Despite technical advancements and focused research for decades, anastomotic healing still fails much more than is desirable, producing ALs. Anastomotic healing is classically divided in three phases that overlap: (1) Inflammatory: the haemostatic clot forms a matrix that fills the gaps between the edges and the inflammatory infiltrate arrives. A timed shift from pro- to anti-inflammatory signalling, comprising a phenotypical switch of immune cells, is important to restrict inflammation to a physiological limit; (2) Proliferative: fibroblasts migrate to the focus, proliferate and produce collagen that stabilises the anastomosis, so the suture begins to stop being the fundamental support; and (3) Maturation or remodelling: full mechanical resistance is restored by remodelling the collagen type and fibres.

Growth factors, cytokines and cell-to-cell connections mediate communication between immune and matrix-forming cells. Collagen degrading enzymes, or MMPs, are highly active during early healing and must be tightly regulated[54]. In the colorectal area, the microbiome is also a relevant component: certain microbial stems directly increase MMP activity while other populations seem to have protective functions[55].

Besides this knowledge, AL in certain cases is not yet clearly understood. Classical surgical principles for successful digestive anastomosis are a well-nourished patient with no systemic illness, no faecal or purulent contamination, adequate exposure and access, gentle tissue handling, absence of tension and distal obstruction, approximation of well vascularised bowel ends and meticulous surgical technique. However, even if all these are accomplished, AL could appear. The early healing phase is the most dangerous because AL most often occurs during the first week.

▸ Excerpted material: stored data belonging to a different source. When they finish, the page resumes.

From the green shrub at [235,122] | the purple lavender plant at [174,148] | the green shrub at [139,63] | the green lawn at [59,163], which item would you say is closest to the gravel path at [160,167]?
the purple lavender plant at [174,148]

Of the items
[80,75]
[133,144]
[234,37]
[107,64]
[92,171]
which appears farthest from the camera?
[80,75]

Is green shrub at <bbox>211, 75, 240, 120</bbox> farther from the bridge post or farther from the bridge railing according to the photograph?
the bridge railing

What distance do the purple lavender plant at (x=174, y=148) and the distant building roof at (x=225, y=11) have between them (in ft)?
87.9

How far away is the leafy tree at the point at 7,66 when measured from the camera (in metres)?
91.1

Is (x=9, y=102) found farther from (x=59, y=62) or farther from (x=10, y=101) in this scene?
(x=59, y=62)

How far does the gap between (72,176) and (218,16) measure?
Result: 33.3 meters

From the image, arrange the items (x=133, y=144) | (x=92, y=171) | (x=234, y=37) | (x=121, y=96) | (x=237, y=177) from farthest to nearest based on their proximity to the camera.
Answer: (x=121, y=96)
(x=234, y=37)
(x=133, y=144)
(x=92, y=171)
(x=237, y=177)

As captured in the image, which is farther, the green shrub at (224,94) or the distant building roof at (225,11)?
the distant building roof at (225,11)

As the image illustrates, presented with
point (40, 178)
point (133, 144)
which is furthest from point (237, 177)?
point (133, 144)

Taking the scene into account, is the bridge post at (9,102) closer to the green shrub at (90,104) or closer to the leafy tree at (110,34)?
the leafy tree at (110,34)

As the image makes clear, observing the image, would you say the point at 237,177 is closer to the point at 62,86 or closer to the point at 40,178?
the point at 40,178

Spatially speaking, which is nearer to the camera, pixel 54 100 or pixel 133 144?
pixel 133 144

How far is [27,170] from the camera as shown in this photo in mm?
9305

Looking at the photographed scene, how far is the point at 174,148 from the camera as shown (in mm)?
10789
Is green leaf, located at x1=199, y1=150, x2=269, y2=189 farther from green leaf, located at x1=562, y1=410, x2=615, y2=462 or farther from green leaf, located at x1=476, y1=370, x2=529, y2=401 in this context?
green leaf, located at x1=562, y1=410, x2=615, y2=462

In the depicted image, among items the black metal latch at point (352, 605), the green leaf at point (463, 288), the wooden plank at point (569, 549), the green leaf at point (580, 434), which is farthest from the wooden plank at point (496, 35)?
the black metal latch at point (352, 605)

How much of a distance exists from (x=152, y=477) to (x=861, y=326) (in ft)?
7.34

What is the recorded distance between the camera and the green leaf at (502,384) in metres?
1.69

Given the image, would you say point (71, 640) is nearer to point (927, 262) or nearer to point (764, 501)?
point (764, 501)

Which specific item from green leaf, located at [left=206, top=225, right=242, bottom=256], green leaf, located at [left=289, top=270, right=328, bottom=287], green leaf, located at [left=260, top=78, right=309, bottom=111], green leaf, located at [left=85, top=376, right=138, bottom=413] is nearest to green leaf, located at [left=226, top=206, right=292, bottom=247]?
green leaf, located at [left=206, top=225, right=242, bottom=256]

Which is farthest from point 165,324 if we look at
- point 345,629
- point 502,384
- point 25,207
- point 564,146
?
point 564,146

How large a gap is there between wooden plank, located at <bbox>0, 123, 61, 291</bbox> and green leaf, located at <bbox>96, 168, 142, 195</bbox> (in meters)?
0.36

Based in the anastomotic healing physiology, many approaches are currently at different stages of the translational research process attempting to reduce AL.

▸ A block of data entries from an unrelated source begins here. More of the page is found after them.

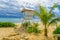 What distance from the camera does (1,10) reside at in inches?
554

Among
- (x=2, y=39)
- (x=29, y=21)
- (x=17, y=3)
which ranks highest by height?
(x=17, y=3)

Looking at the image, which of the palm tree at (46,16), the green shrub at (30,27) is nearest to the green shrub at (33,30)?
the green shrub at (30,27)

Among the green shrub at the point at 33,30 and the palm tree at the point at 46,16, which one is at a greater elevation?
the palm tree at the point at 46,16

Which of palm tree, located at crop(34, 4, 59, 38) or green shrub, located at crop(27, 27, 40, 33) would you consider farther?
green shrub, located at crop(27, 27, 40, 33)

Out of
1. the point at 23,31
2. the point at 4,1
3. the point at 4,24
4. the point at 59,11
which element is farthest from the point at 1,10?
the point at 23,31

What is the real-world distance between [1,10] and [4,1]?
72 centimetres

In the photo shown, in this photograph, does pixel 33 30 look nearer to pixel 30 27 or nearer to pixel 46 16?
pixel 30 27

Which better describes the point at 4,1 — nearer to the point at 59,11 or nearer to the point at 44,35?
the point at 59,11

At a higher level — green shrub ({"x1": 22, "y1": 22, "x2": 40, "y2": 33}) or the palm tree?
the palm tree

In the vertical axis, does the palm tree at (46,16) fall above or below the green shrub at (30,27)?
above

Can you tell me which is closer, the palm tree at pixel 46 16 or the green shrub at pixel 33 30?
the palm tree at pixel 46 16

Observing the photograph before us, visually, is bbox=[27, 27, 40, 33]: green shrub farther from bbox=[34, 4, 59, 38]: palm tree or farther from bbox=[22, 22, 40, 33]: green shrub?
bbox=[34, 4, 59, 38]: palm tree

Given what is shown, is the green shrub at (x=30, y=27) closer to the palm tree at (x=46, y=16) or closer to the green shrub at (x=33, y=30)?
the green shrub at (x=33, y=30)

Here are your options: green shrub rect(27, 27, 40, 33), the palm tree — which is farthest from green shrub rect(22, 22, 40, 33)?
the palm tree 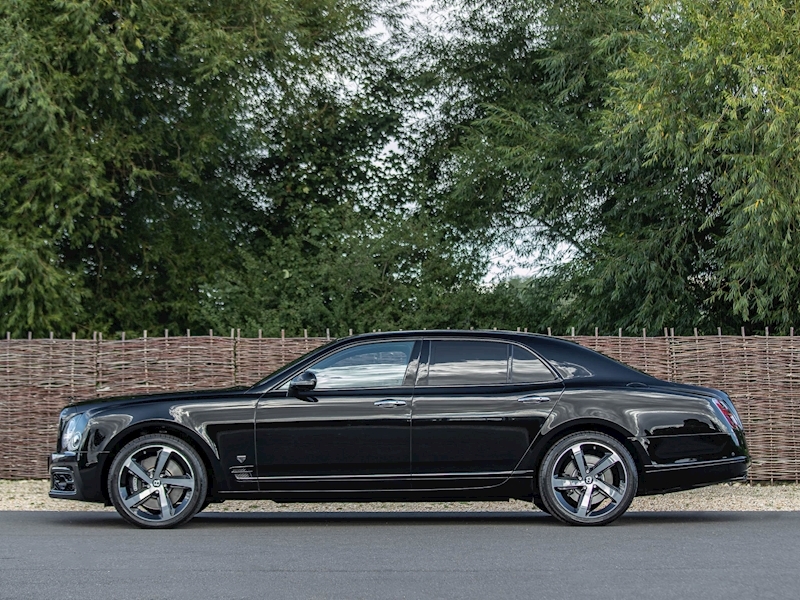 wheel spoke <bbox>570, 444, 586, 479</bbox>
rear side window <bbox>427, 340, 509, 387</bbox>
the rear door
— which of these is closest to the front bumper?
the rear door

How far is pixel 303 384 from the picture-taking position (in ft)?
32.5

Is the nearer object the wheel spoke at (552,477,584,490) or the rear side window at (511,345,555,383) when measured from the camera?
the wheel spoke at (552,477,584,490)

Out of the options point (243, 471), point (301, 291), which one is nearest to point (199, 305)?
point (301, 291)

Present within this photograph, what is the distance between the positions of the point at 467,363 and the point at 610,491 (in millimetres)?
1566

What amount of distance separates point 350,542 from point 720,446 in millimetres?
3193

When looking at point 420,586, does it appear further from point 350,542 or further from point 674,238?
point 674,238

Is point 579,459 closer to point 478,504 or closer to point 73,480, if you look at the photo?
point 478,504

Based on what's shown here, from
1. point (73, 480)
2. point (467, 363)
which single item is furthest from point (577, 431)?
point (73, 480)

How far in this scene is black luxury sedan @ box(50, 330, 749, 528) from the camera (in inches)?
392

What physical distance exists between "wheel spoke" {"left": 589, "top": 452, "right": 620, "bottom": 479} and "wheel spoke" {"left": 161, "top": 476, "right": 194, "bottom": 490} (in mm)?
3259

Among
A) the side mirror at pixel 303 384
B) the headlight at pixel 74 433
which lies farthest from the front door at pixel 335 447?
the headlight at pixel 74 433

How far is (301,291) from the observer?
23406 mm

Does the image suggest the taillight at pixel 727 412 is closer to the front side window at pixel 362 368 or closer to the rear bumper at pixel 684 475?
the rear bumper at pixel 684 475

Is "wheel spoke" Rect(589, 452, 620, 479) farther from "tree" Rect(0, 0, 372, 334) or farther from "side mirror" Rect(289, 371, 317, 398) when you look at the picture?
"tree" Rect(0, 0, 372, 334)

(1) In preclinical stage: Selective inhibitors of MMPs[56]; hyperbaric oxygen therapy[56,57] and induction of the hypoxic adaptive response (with erythropoietin and VEGF)[56] for perfusion deficits; administration of growth factors (the most studied IGF-1 and GH)[56]; and anti-inflammatory therapies are being explored. Individualised bowel preparation, also called bowel preparation 2.0, to reduce selectively certain detrimental flora could become an interesting approach[58]. Finally, as we have seen, SC therapy is also in this stage.

(2) With published clinical application: approaches aiming to seal the suture line and/or avoid microbiome or faecal contact. Among them, gluing[59,60], additional attachment of laminar biomaterials[61] and seaming the staple line (i.e. with bioabsorbable laminae or bovine pericardium)[62] have shown promise but have not yet demonstrated positive effects. Temporary intraluminal tubes, such as a transanal tube, seem to lower AL after rectal resection in the published literature[63]; however, more trials are needed and its use is very low. Anastomoses performed with compression devices have shown equivalent AL rates to conventional anastomoses, although the former are associated with more bowel obstructions[64] and require more research.

(3) Currently applied or under evaluation: These approaches include established protective stoma to avoid faecal passage as well as the virtual or ghost ileostomy, a bowel preparation for easy formation of a stoma in the case of AL, under evaluation[65]. Intraoperative anastomosis quality control with fluorescence angiography and flexible endoscopy are also in this stage.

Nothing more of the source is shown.